Man Tried to Extort $3.5 Million From Louisville Athletics in Email Scheme

Published On November 9, 2013 | By admin | News, sports news, The Barbershop

BY:  John “Hennry” Harris

The University of Louisville has the most profitable collegiate basketball program in the country hands down and the football program is enjoying a resurgence that has energized the Derby city.  It has also made the University of Louisville Athletics Association a target for a Jackson, Mississippi man with a history of email extortion.

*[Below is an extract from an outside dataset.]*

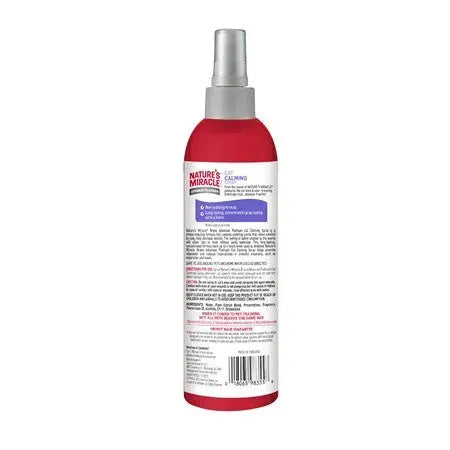 Nature's Miracle calming spray bottle with detailed ingredients and usage instructions on the back label.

Thomas E. Ray, 35, was arrested in Mississippi by U.S. Marshals on charges of trying to blackmail the University of Louisville Athletics Association out of $3.5 million to keep quiet about a basketball point-shaving scandal.

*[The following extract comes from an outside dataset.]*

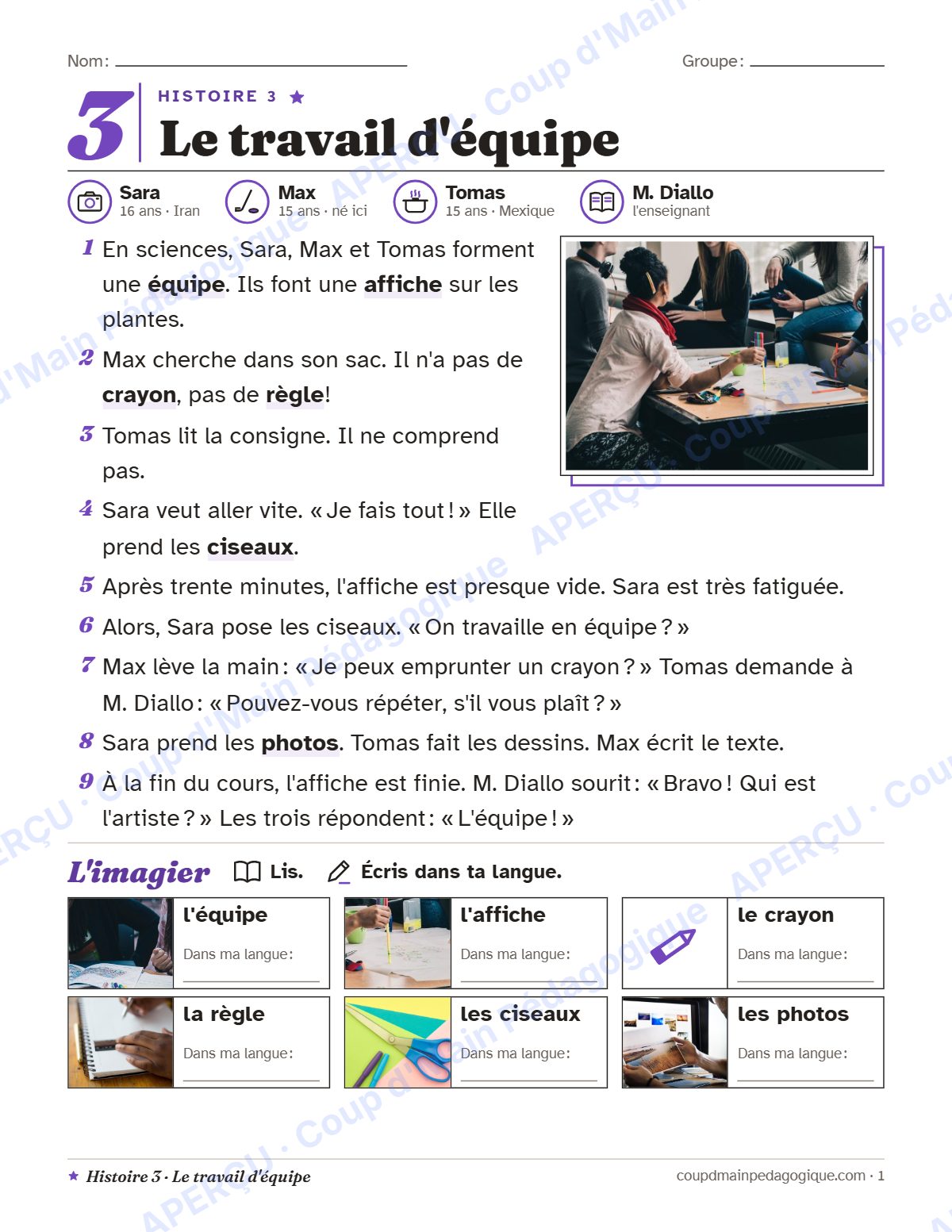Page 1 — Histoire 3 : le travail d'équipe — francisation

According to the indictment, Ray, used the alias “Melinda White” when he sent an email on April 23 threatening to damage the athletic program’s reputation by going public with his knowledge of an alleged point-shaving scandal unless he was paid $3.5 million.

Kentucky Attorney General Jack Conway said that authorities traced the email to Ray’s Yahoo! account and Internet protocol address.

This was not Ray’s first attempt at email extortion.  He was convicted 2005 of two counts of extortion and sentenced to 18 months in prison after getting busted trying to extort Best Buy using a similar strategy.  Prosecutors reveal that Ray tried to extort $2.5 million from Best Buy by threatening to expose purported flaws in the companies computer system.  In that case federal prosecutors said Ray used the alias “Jamie Weathersby” when he contacted the electronics chain in October 2003.

Louisville athletics director Tom Jurich released a statement and said he contacted Kentucky Attorney General Jack Conway and the NCAA within minutes of reading the email in April.

“We were confident that there was no truth to the accusations made in the communication,” he said.

Conway said that Ray claimed that the extortion payment would silence a person that was in Ray’s custody with knowledge of the scheme.  Investigators could never find or identify the person Ray referred to and there were no names of any basketball players in the email.

Ray is facing up to two years in prison and fines up to $250,000.  Ray was released after posting $10,000 and ordered to appear in Louisville District Court.

Notorious B.I.G. said that “Mo Money means Mo Problems”, I guess collegiate athletic programs are no different.